Set down the entries that follow exactly as written, leaving out any images.

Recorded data
BEGIN
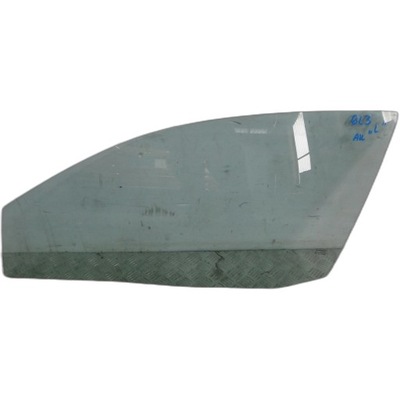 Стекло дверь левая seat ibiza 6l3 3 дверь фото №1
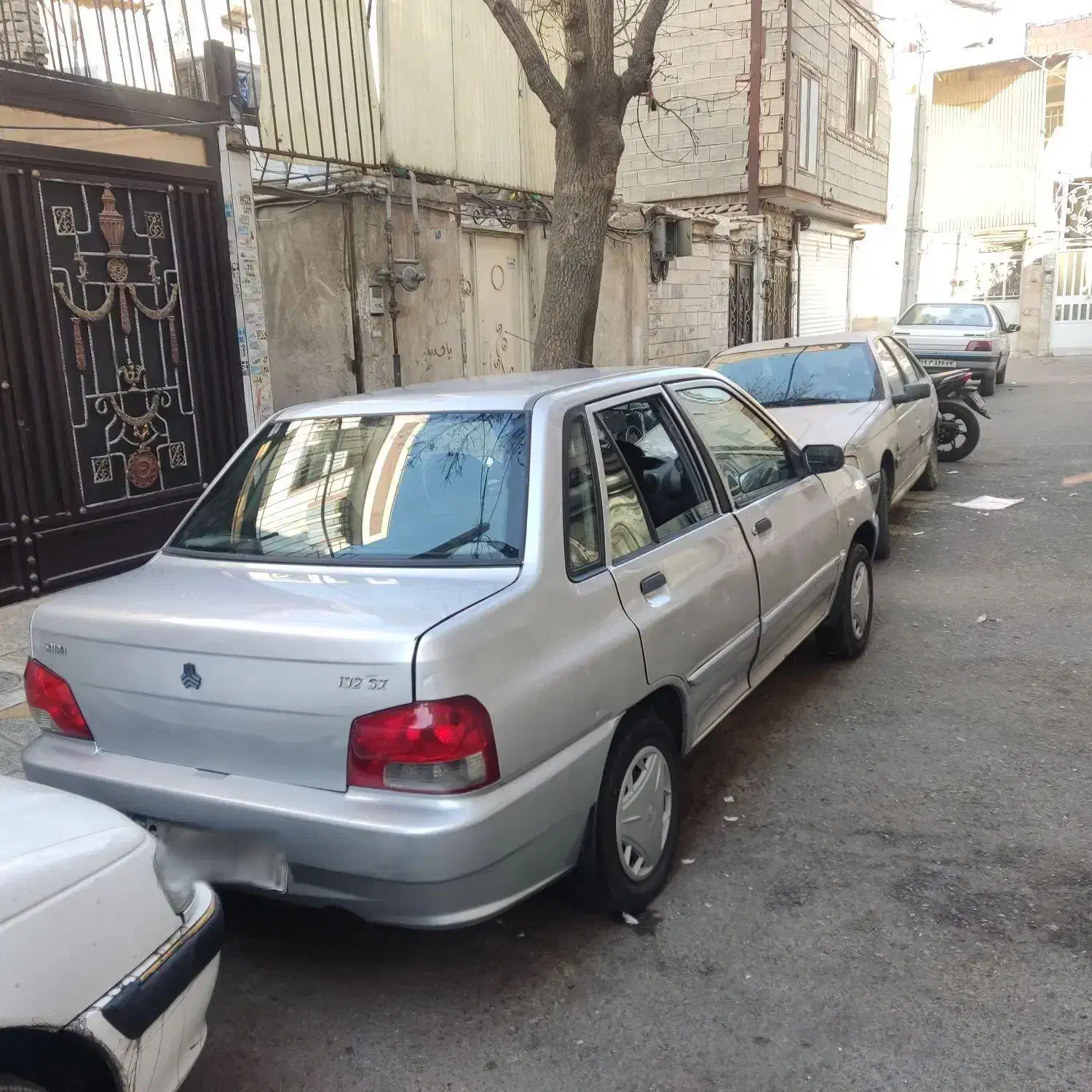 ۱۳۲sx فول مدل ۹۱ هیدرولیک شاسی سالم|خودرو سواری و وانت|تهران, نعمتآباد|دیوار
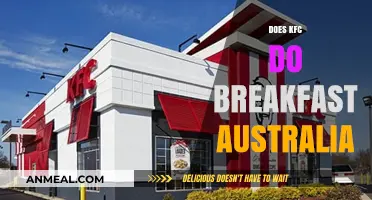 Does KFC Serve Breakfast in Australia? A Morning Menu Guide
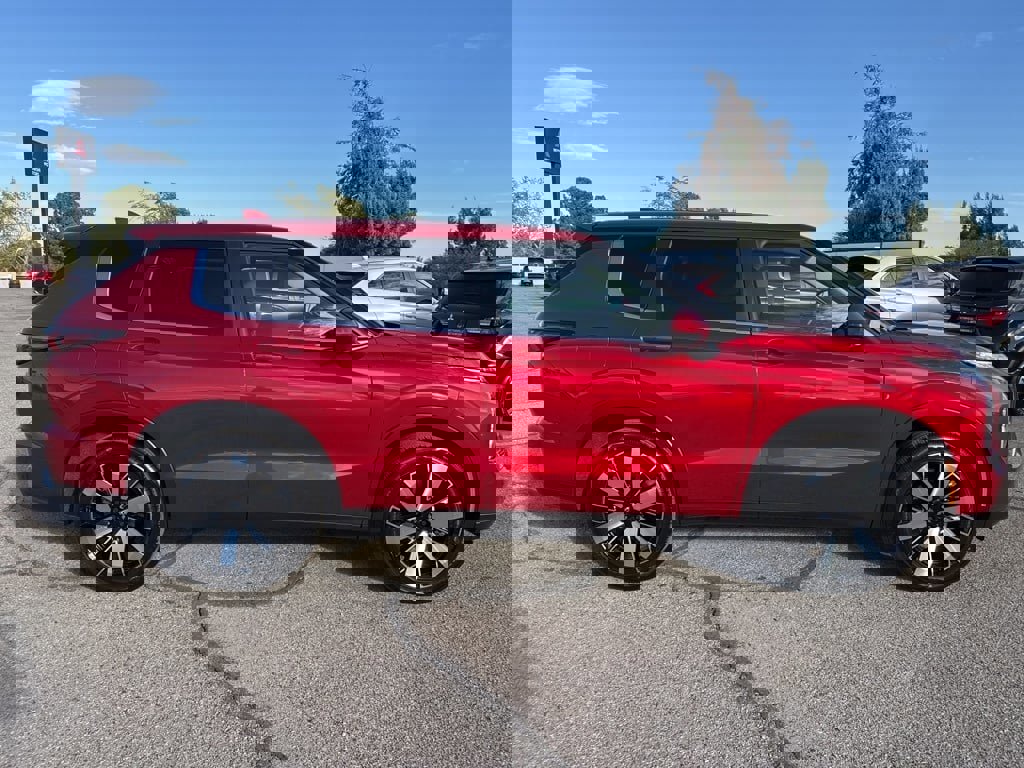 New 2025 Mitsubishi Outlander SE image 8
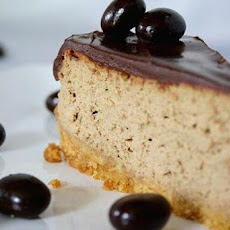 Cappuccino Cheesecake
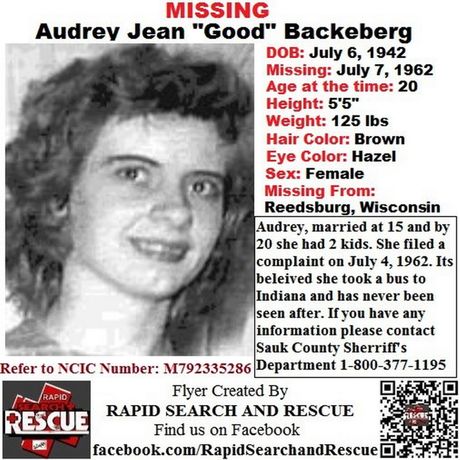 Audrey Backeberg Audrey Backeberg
END
Response to this task »
 Стекло дверь левая seat ibiza 6l3 3 дверь фото №1
 ۱۳۲sx فول مدل ۹۱ هیدرولیک شاسی سالم|خودرو سواری و وانت|تهران, نعمتآباد|دیوار
 Does KFC Serve Breakfast in Australia? A Morning Menu Guide
 New 2025 Mitsubishi Outlander SE image 8
 Cappuccino Cheesecake
 Audrey Backeberg Audrey Backeberg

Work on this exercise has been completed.